### Instructions for the task:
Could you copy out all of the records below exactly, leaving out every picture?

(Captioned web images)
====

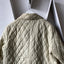 60's Quilted Jacket - Large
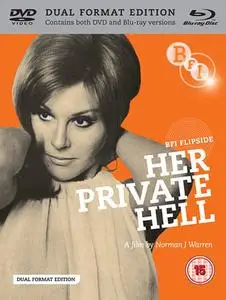 Her Private Hell (1967) [British Film Institute]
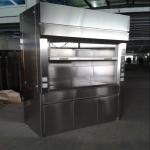 Stainless steel Fume Hood For Lab Draught Cupborad Company Price Supplier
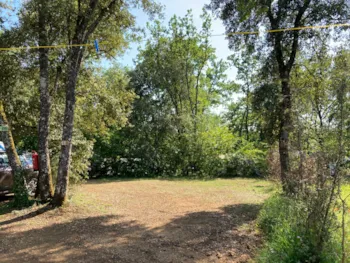 Stellplatz - Stellplatz  Xl 150-300M² - Camping Le Pech Charmant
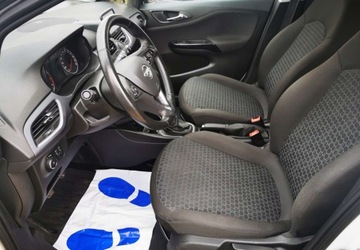 Opel Corsa E Hatchback 3d 1.2 Twinport 70KM 2019 Opel Corsa 1,2 benzyna, Navi, Salonowy, Super Stan 1.2 Benzyna 70KM, zdjęcie 8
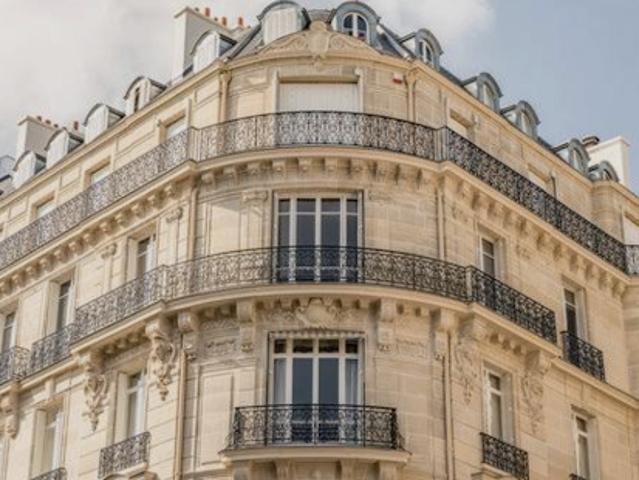 Vente Appartement 7 pièces 205 m2 Paris 8ème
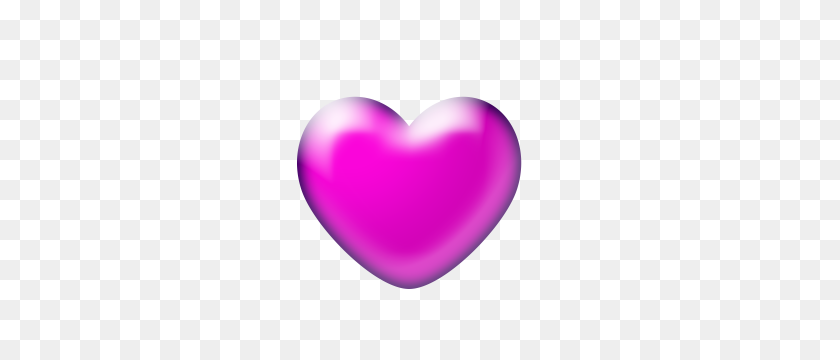 300x300 Heart Png Download Png - 3d Heart PNG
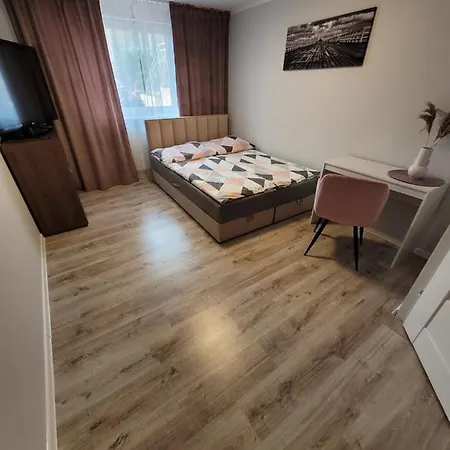 Pokoje E&j Homestay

====

### Solved exercise:
 60's Quilted Jacket - Large
 Her Private Hell (1967) [British Film Institute]
 Stainless steel Fume Hood For Lab Draught Cupborad Company Price Supplier
 Stellplatz - Stellplatz  Xl 150-300M² - Camping Le Pech Charmant
 Opel Corsa E Hatchback 3d 1.2 Twinport 70KM 2019 Opel Corsa 1,2 benzyna, Navi, Salonowy, Super Stan 1.2 Benzyna 70KM, zdjęcie 8
 Vente Appartement 7 pièces 205 m2 Paris 8ème
 300x300 Heart Png Download Png - 3d Heart PNG
 Pokoje E&j Homestay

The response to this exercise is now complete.